With that said, please allow a quick digression (or clarification). This is in no way an attempt to demonize the fossil fuels industry. While the various oil, gas, and coal companies are frequently delinquent in relation to environmental protection, they are ultimately the elements of the world economy that enable the incredibly high standard of living that many of us enjoy, myself included. And we must remember that it is not the intention of corporations to damage the environment. It’s just not their intent to protect it, either, especially given the current regulatory structure. Like good offspring of neoclassical economic thinking, the corporate interest is to maximize benefit for stakeholders. But even Adam Smith was wary of corporate power and what its absolutely free exercise could mean for the human quality of life. So it is, in my humble opinion, the responsibility of policymakers to create policies that ensure the internalization of externalities, such as Pigouvian taxes, or aim to reduce externalities altogether via market-based credit trading programs, and it is the responsibility of businesses to abide by those policies (as is our social contract). While I would obviously prefer that the business community undergo a rapid paradigm shift toward ecological consciousness, I am also one for being realistic.
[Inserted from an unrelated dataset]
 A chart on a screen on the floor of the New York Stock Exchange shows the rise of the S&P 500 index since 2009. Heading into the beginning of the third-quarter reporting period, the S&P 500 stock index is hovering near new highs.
More to the point: the current state of campaign finance verges on a dangerous autocatalytic cycle. Wealthy special interest groups provide campaign funding to ensure the election of sympathetic and indebted politicians, who then create policies that reinforce the wealth of those interest groups, who then, again, will invest in the campaigns of politicians who, again, will create policy to bolster the status quo, ad infinitum (or so I am concerned). Often, such special interest groups represent extractive or otherwise environmentally damaging industries. National campaign finance reform would be a good step toward breaking this cycle and restoring any real sense of regulatory hope for the ecosphere.

But what hope is there that an already corrupted Congress will reform campaign finance laws? It would seem, at least outwardly, that we need uncorrupted legislators to create the reforms for fair campaigns and elections, but we need fair campaigns and elections in order to have uncorrupted legislators. So how do we resolve this chicken-or-the-egg conundrum?
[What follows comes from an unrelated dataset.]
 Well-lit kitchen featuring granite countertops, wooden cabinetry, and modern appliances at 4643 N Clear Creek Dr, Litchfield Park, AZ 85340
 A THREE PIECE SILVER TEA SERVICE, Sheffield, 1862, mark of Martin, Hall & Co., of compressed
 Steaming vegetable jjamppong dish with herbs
I asked this very question of New York State Assemblyman Kevin Cahill on May 11, 2012, when he so graciously visited my environmental policy class at Bard CEP to talk with my colleagues and I about NYS energy policy. His response was heartening. Apparently, national legislators are also human beings. For legislators, the tangible effects of the Citizen’s United decision manifest as having to spend as much as six hours per day fundraising, just to remain electorally competitive. For a politician whose primary interest is in re-election, perhaps this is permissible. But as people, such a lifestyle is undesirable. And so, Assemblyman Kevin Cahill assured me that he’s beginning to see bipartisan support emerge for campaign finance reform because legislators are simply fed up with the absurd fundraising demands.

Now, I would prefer for Congress to be motivated to act on campaign finance because of the legislators’ pride in the quality of our nation’s democratic representation, rather than how much time they’re having to spend “dialing for dollars.” But in this case, I suppose the end justifies the means.
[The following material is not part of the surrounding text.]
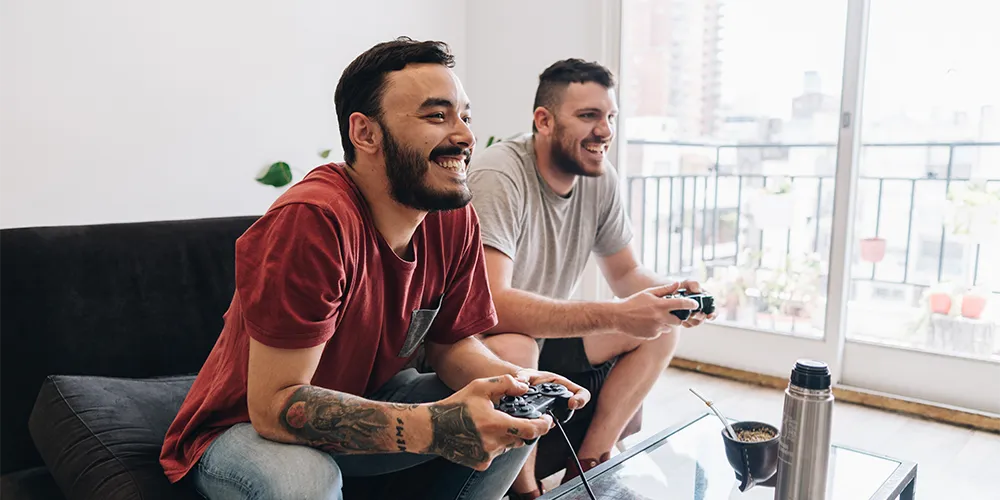 WG oder allein wohnen: Was passt besser zu dir? / MLP Financify / zwei Studenten spielen gemeinsam ein Videospiel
While I doubt that corporate personhood will be overturned, maybe Congress will decide that people can only contribute such-and-such amount of money to a given campaign. But then again, because money is “speech,” and knowing our attachment to the First Amendment, I’m sure that any attempt to regulate “speech” will be met with virulent public outcry, despite the obvious impairments to our freedom perpetrated by the current campaign finance system.

JM Kincaid

2 thoughts on “The most pressing non-environmental, environmental issue

  1. It is very interesting to see how the aftermath of Citizens United v. FEC will play out in the next few election cycles (cause let’s face it, campaign finance reform probably will not be fixed in the near-term). A lot of the writing I have read about this seems to point to big effects in smaller elections such as primaries and state elections.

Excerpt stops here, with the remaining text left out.